Month  Monthly Growth
 Monthly Growth
 Monthly Growth
January          1.03%          1.07%         -0.24%
February          0.75%          0.26%         -0.36%
March          0.63%          0.08%          0.17%
April         -0.10%         -0.02%          0.36%
May         -0.03%          0.16%
June          1.03%          0.43%
July          3.29%          0.93%
August          1.12%          0.47%
September         -0.35%          0.27%
October          0.09%          0.47%
November          0.12%          1.50%
December          0.55%          2.46%
Total          8.38%          8.36%         -0.08%

Source: Statistics Indonesia (BPS)

Inflation in Indonesia 2008-2014:

     2008    2009    2010    2011    2012    2013    2014
(annual percent change)
    9.8     4.8     5.1     5.4     4.3     8.4     8.4

Source: World Bank

Current account deficit still wide; a relatively high interest rate environment is also a tactic to combat the current account deficit as domestic purchasing power weakens hence imports should be curtailed (the current account deficit signals that Indonesia is spending more on international trade than is earning from it). Although Indonesia’s current account deficit improved to 1.8 percent of gross domestic product (GDP) in Q1-2015 (a USD $3.8 billion deficit in absolute terms), the central bank still expects that the full-year deficit will be about 3 percent of GDP. The 3 percent of GDP deficit is widely regarded as the boundary between a sustainable and unsustainable current account deficit. A wide deficit is also reason for investors to quickly dump the country’s assets in times of economic turmoil. The higher the deficit, the more capital outflows from Indonesia can emerge. As such it is important for the country to limit the current account deficit ahead of further looming monetary tightening in the USA (higher US interest rates) as it can limit the amount of capital outflows.

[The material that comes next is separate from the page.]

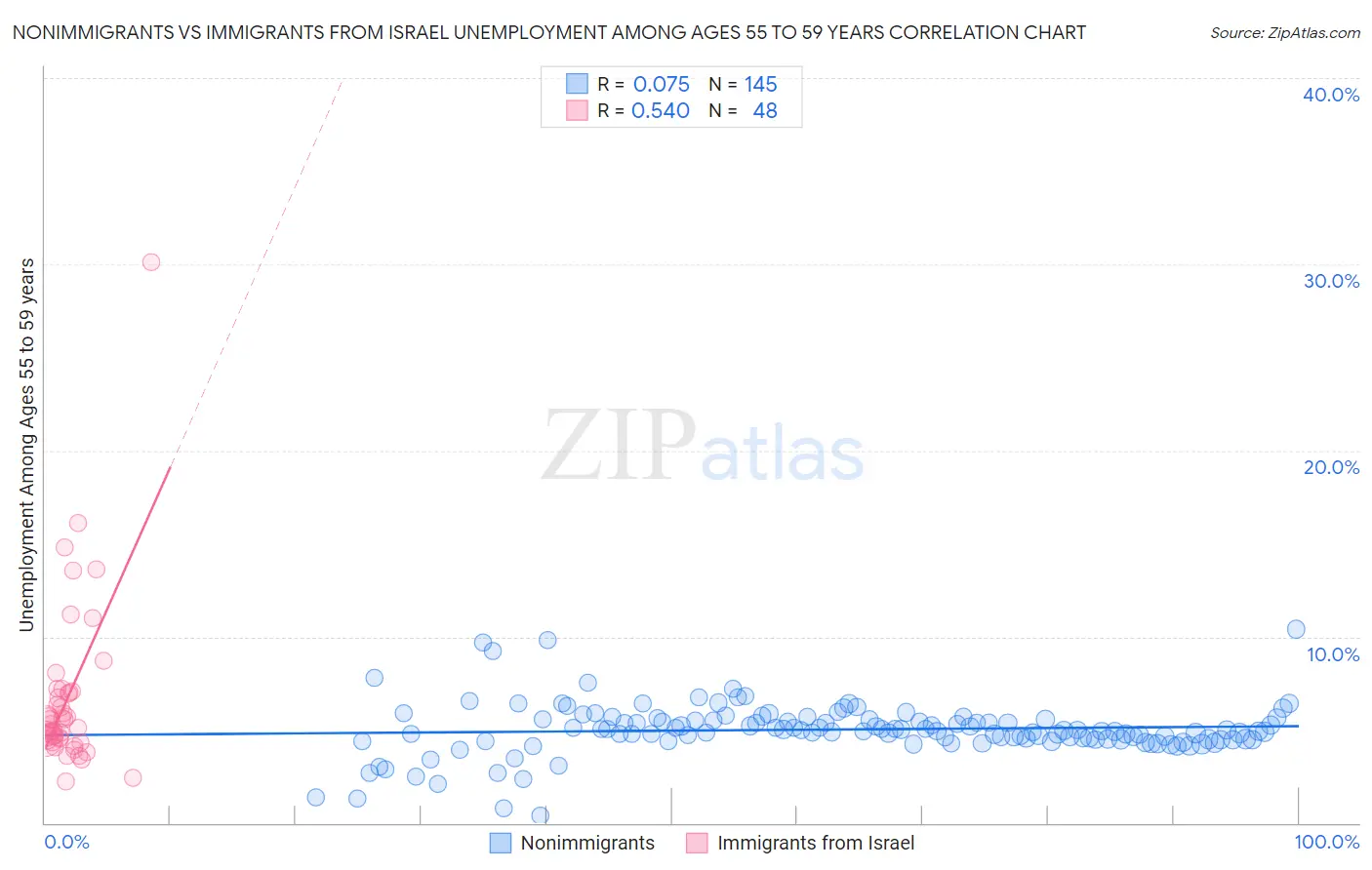 Nonimmigrants vs Immigrants from Israel Unemployment Among Ages 55 to 59 years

Depreciating rupiah; the Indonesian rupiah has been one of the worst performing Asian currencies so far in 2015 (against the US dollar) and a BI rate cut will put more depreciating pressures on the rupiah. Since the start of 2015, Indonesia’s currency weakened about 5.5 percent against the greenback. Since the US Federal Reserve started to tighten its monetary policy (scrapping the quantitative easing program) there has been bullish US dollar momentum worldwide. High currency volatility has continued into 2015 as markets are unsure when the Federal Reserve will continue to tighten its monetary approach. At this moment many analysts expect to see higher US interest rates in September. However, this move is US data-dependent and due to mixed US macroeconomic data uncertainty about the exact timing of the Fed Fund Rate hike remains.

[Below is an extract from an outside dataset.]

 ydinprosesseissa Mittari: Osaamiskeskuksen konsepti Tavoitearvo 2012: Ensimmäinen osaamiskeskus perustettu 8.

Bank Indonesia's benchmark rupiah rate (Jakarta Interbank Spot Dollar Rate, abbreviated JISDOR) depreciated 0.51 percent to IDR 13,183 per US dollar on Tuesday (19/05).

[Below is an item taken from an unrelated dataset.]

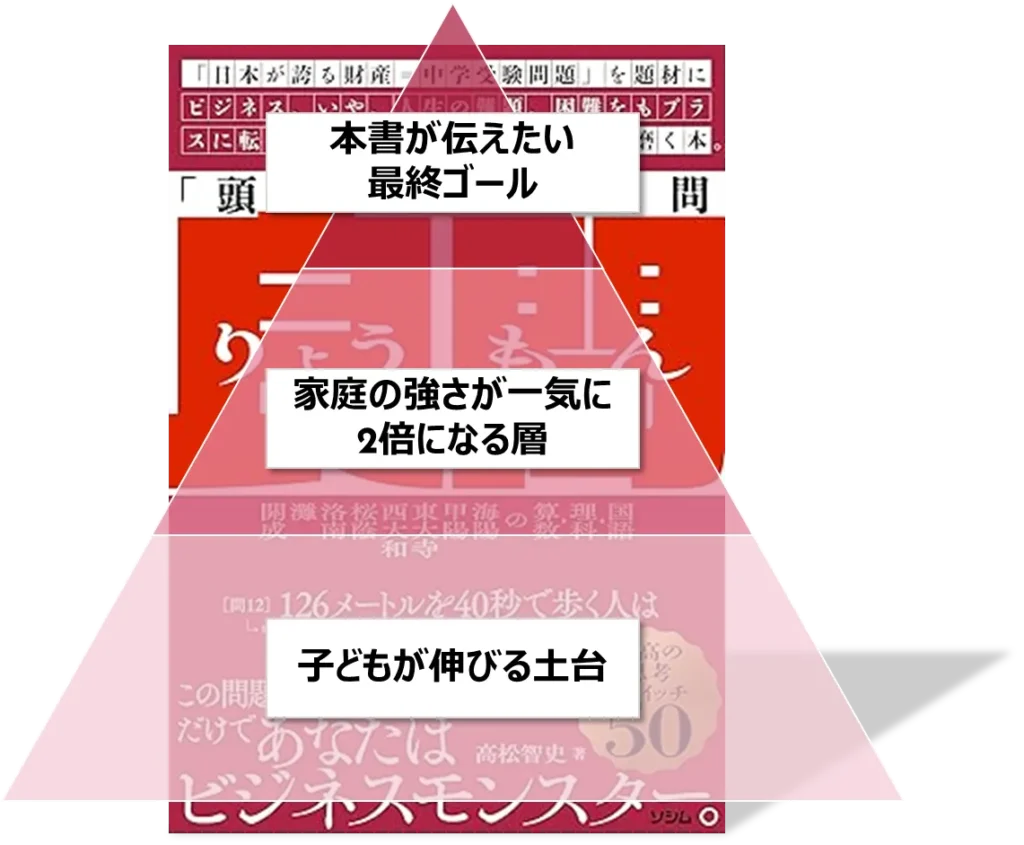 【図解⑫-1】本書がもたらす3つの変化 ― 家庭全体の成長ピラミッド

Indonesian Rupiah versus US Dollar (JISDOR):

| Source: Bank Indonesia

In the preceding Board of Governor’s Meeting, Bank Indonesia maintained its BI rate at 7.50 percent, the deposit facility rate at 5.50 percent and lending facility rate at 8.00 percent.

Lastly, the central bank has other strategies to increase liquidity in the financial markets (other than cutting its benchmark interest rate). Previously Bank Indonesia stated that it may relax the loan to deposit ratio (LTD ratio) which means that banks’ credit growth has more opportunity to increase.